After decades of decline, scarlet fever is once again on the rise in the UK and other places around the world, and doctors are scrambling to figure out why.

Beginning in 2014, the infection started to steadily rise, and in 2016, over 19,000 cases from 620 outbreaks were reported, mostly in schools and nurseries. This represents a seven-fold increase since 2011.

Scarlet fever is a bacterial infection caused by a Group A Streptococcus. It's characterised by a sore throat, fever, headaches, swollen lymph nodes, "strawberry tongue", and a rash.

It may not sound terrible based on those symptoms, but it was responsible for 36,000 registered deaths in the first decade of the 20th century in England and Wales, and was a leading cause of child mortality.

There's no vaccine for scarlet fever. Once contracted, it's treated quite easily with a course of antibiotics, which - at least partially - contributed to the disease's decline in developed countries after about 1945.

The most obvious reason for a resurgence in a bacterial infection would be a new strain of the disease that spreads more easily and is possibly antibiotic-resistant - but molecular genetic testing has ruled this out.

Instead, tests showed a range of already established strains of the bacteria, leaving researchers still looking for a possible cause.

Meanwhile, the 2016 statistics put incidence at 33.2 cases per 100,000 people, with 1 in 40 cases being admitted to hospital (although around half of those get discharged the same day).

Overall, there were 19,206 reported cases - the highest number since 1967, and an astonishing rise from 2013, when there were just 4,643 cases reported.

Doctors are urging the public to be alert to the symptoms while they seek solutions.

"Whilst current rates are nowhere near those seen in the early 1900s, the magnitude of the recent upsurge is greater than any documented in the last century," said epidemiologist Theresa Lamagni of Public Health England, who led the study.

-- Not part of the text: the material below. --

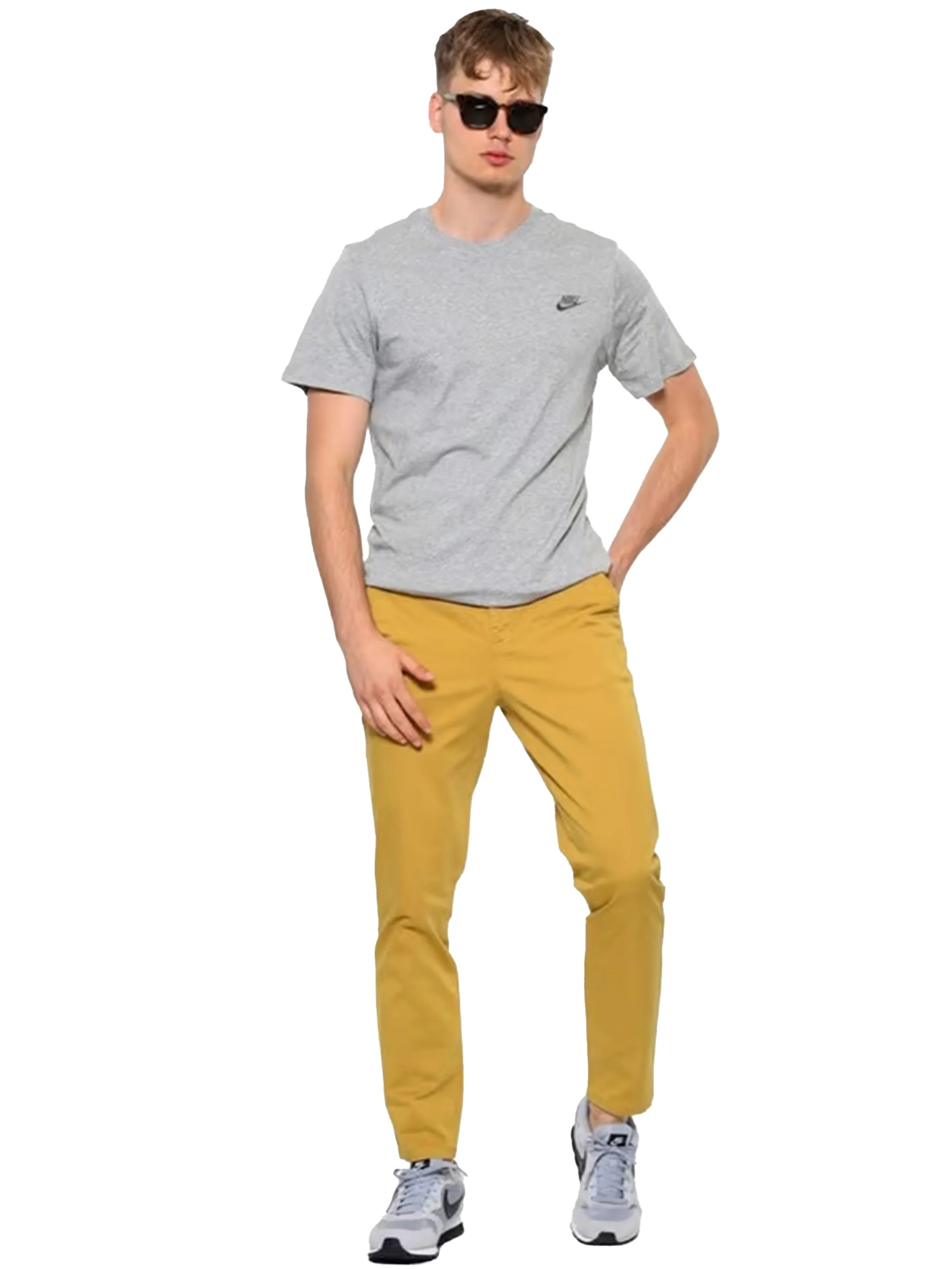 Nike Sportswear Club Mens T-Shirt - Image 4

"Whilst notifications so far for 2017 suggest a slight decrease in numbers, we continue to monitor the situation carefully. Guidance on management of outbreaks in schools and nurseries has just been updated and research continues to further investigate the rise.

"We encourage parents to be aware of the symptoms of scarlet fever and to contact their GP if they think their child might have it."

Recent outbreaks have also occurred in China, Vietnam, South Korea and Hong Kong, but testing revealed only very minor genetic elements in common.

There is, the researchers said, no clear link between the Asian outbreaks and the UK outbreaks - but that doesn't mean a link can be ruled out yet.

"Hypotheses that have been proposed include acquisition of scarlet fever-causing genes into the S pyogenes population, changes in immune status in the human population, environmental change, and an as yet unknown and potentially novel co-infective agent that predisposes the host to disease," wrote microbiologists Mark Walker and Stephan Brouwer from the University of Queensland in a comment on the article.

"Further research needs to be done to better understand the causes of scarlet fever resurgence. Scarlet fever epidemics have yet to abate in the UK and northeast Asia. Thus, heightened global surveillance for the dissemination of scarlet fever is warranted."

The research has been published in the journal The Lancet.